[Records from a dataset]
┏━━
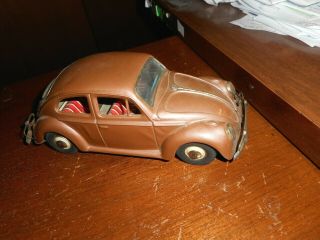 1960 Volkswagen Beetle Tin Friction Toy Bandai Japan 8 "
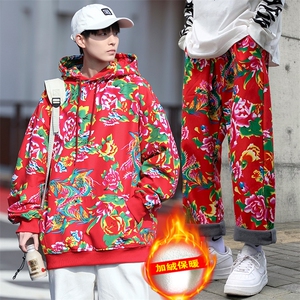 TZ204男女团队冬季加绒加厚连帽卫衣九分裤套装风东北大花潮图片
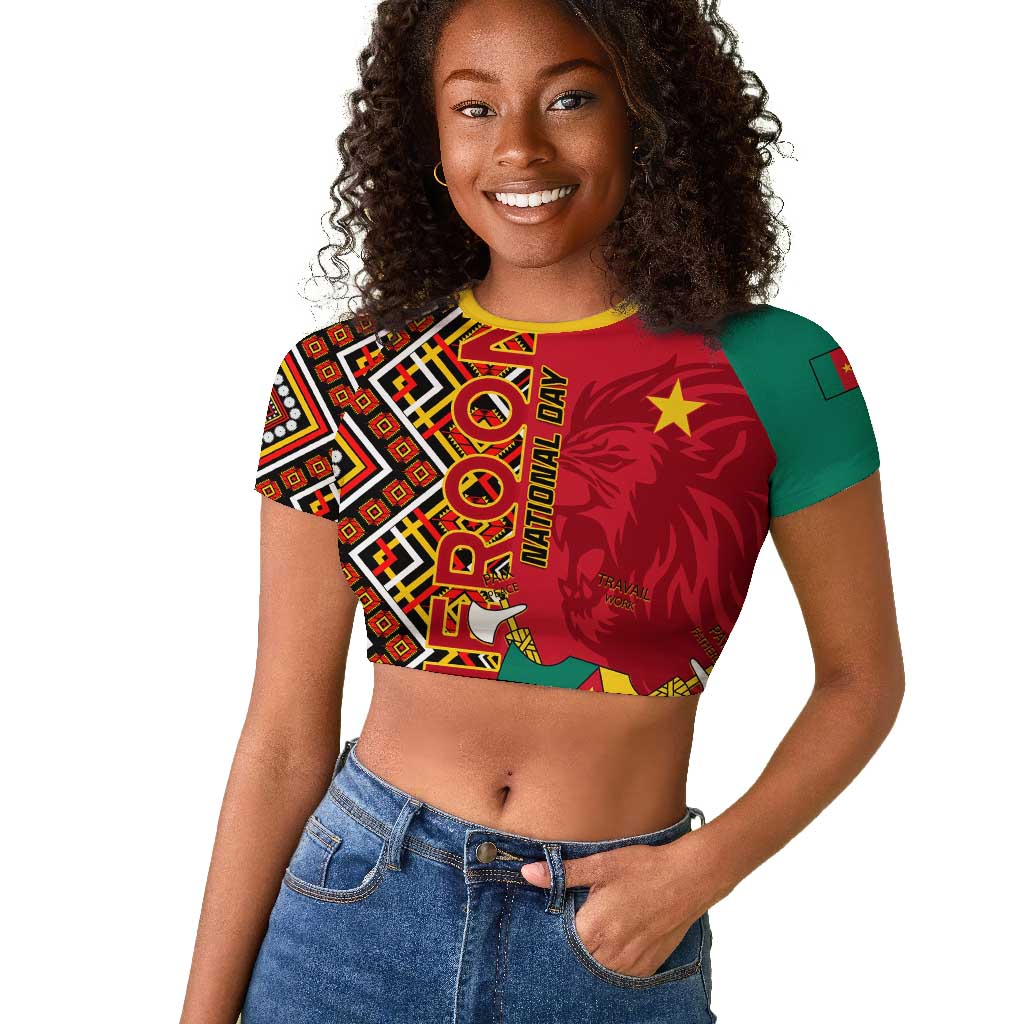 Cameroon National Day Raglan Cropped T shirt Cameroun Coat Of Arms Ankara Pattern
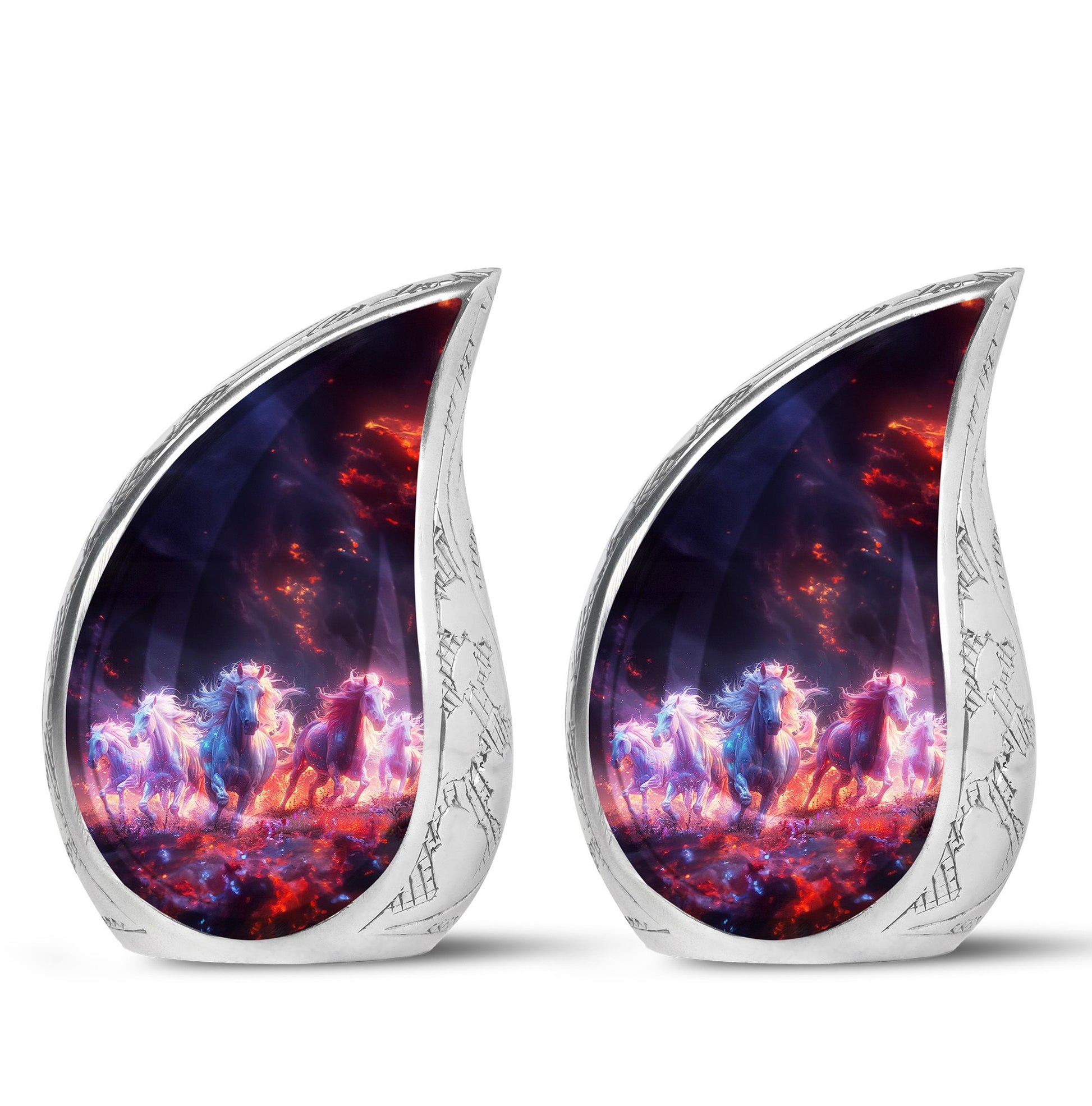 Galloping Horses Cremation Urn for Human Ashes - Urn Keepsake Set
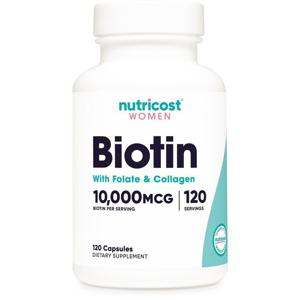 뉴트리코스트 여성용 비오틴 (엽산 앤 콜라겐 함유) 10X000 mcg 120 캡슐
┗━━
Instructions for the task:
Could you copy every record exactly, without the pictures?

Response:
 1960 Volkswagen Beetle Tin Friction Toy Bandai Japan 8 "
 TZ204男女团队冬季加绒加厚连帽卫衣九分裤套装风东北大花潮图片
 Cameroon National Day Raglan Cropped T shirt Cameroun Coat Of Arms Ankara Pattern
 Galloping Horses Cremation Urn for Human Ashes - Urn Keepsake Set
 뉴트리코스트 여성용 비오틴 (엽산 앤 콜라겐 함유) 10X000 mcg 120 캡슐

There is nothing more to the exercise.